**PROVIDED DATA**
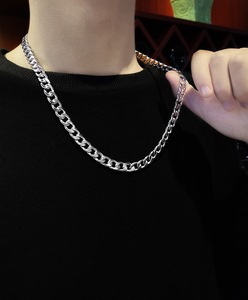 Collana a Catena in Acciaio Inossidabile per Donna e Uomo, Stile Cubano, <span class=keywords><strong>Lunga</strong></span>, Metallica, <span class=keywords><strong>Argento</strong></span>, Antiossidante, Prezzo Basso - Product Image 5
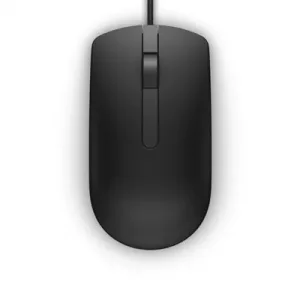 Dell MS116 Wired USB Mouse, 2-Buttons, 1000dpi and Optical Tracking, Ambidextrous Design for PC, Mac and Laptop, Black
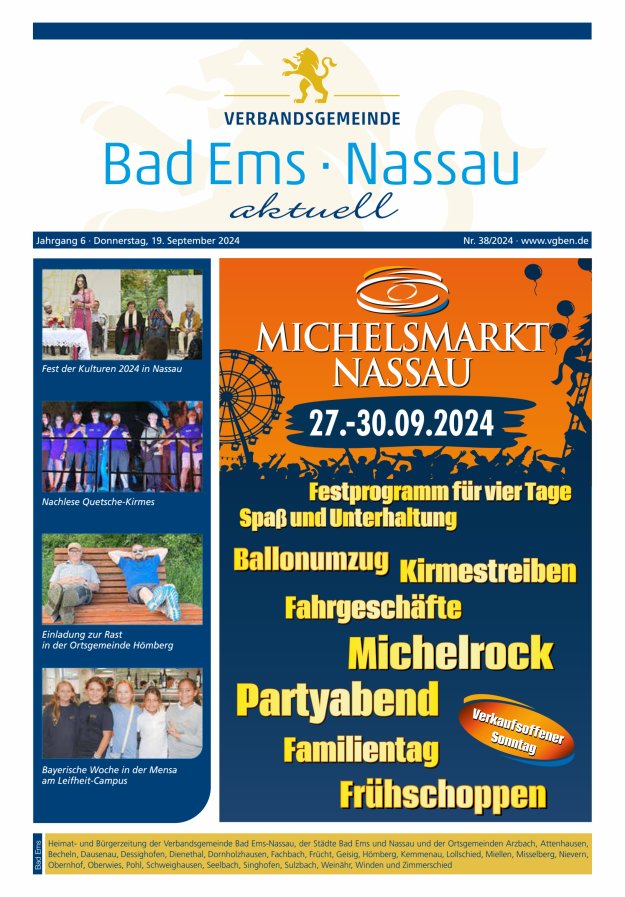 Bad Ems-Nassau aktuell Ausgabe Bad Ems Titelblatt 38/2024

**THE PROBLEM**
In this exercise, set down all of the data exactly, without the pictures.

**RESPONSE**
 Collana a Catena in Acciaio Inossidabile per Donna e Uomo, Stile Cubano, <span class=keywords><strong>Lunga</strong></span>, Metallica, <span class=keywords><strong>Argento</strong></span>, Antiossidante, Prezzo Basso - Product Image 5
 Dell MS116 Wired USB Mouse, 2-Buttons, 1000dpi and Optical Tracking, Ambidextrous Design for PC, Mac and Laptop, Black
 Bad Ems-Nassau aktuell Ausgabe Bad Ems Titelblatt 38/2024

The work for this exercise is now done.